Log-jam at ports
UK firms halt supplies amid Irish border chaos
Percy Pig has become a victim of Brexit paperwork
UPDATE 9 JAN: Marks & Spencer and Debenhams are among a number of UK companies which have suspended supplies to Northern Ireland because of delays caused by Brexit red tape.
M&S said it feared its food would not reach its destination and therefore it would temporarily halt shipments.
Problems are also mounting for retailers that use the UK as a distribution hub for European business which face possible tariffs if they re-export goods to the EU.
M&S chief executive Steve Rowe said: “The best example I can give you of that is Percy Pig.
“Percy Pig is actually manufactured in Germany. If it comes to the UK and we then send it to Ireland, in theory it would have some tax on it.”
The tax implication has also hit exports of the sweets to stores in France and the Czech Republic.
The rules of origin requirement has also persuaded Debenhams to stop shipping goods to Northern Ireland.
Other retailers, including John Lewis and TKMaxx, have identified similar problems – and have suspended some of their European sales.
Parcels giant DPD has suspended some services, while Scottish seafood exporter John Ross said the chaos at ports was like being “thrown in the cold Atlantic without a lifejacket”.
Most hauliers are being caught without the required paperwork. While the trade deal avoids tariffs and quotas, companies now require documentation such as export health certificates and declarations.

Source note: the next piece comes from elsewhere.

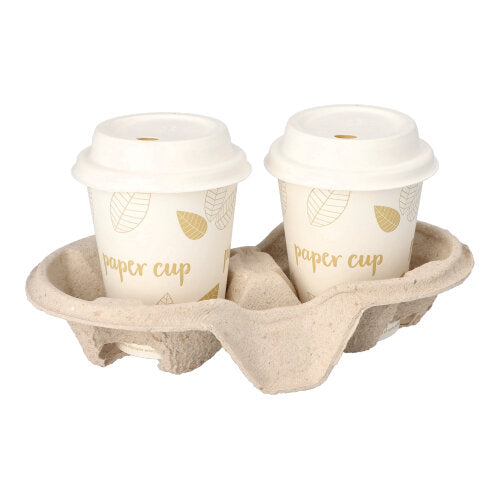 Tragetabletts, Pappe "To Go" 4,6 cm x 22,3 cm x 11,6 cm natur für 2 Becher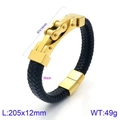 Pulsera de hombre en cuero trenzado negro con eslabón dorado y medidas de producto - Estilo B Dorado (KB134603-KFC)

The Road Haulage Association, the trade body representing road transport and freight logistics operators, told the Evening Standard in London the “real extent of the impact this red tape is having on industry and businesses” will only start to be felt in the coming weeks because volumes for import and export are at the lowest point in the year.
Traffic through the port of Dover is currently down 85% from its 2019 average and some firms were stockpiling before the Brexit deadline.
Cabinet Office minister Michael Gove admitted on Friday that although disruption at Britain’s borders has not yet been “too profound”, “it is the case that in the weeks ahead, we expect that there will be significant additional disruption – particularly on the Dover-Calais route”.
Tavish Scott: ‘confusion everywhere’ (pic: Terry Murden)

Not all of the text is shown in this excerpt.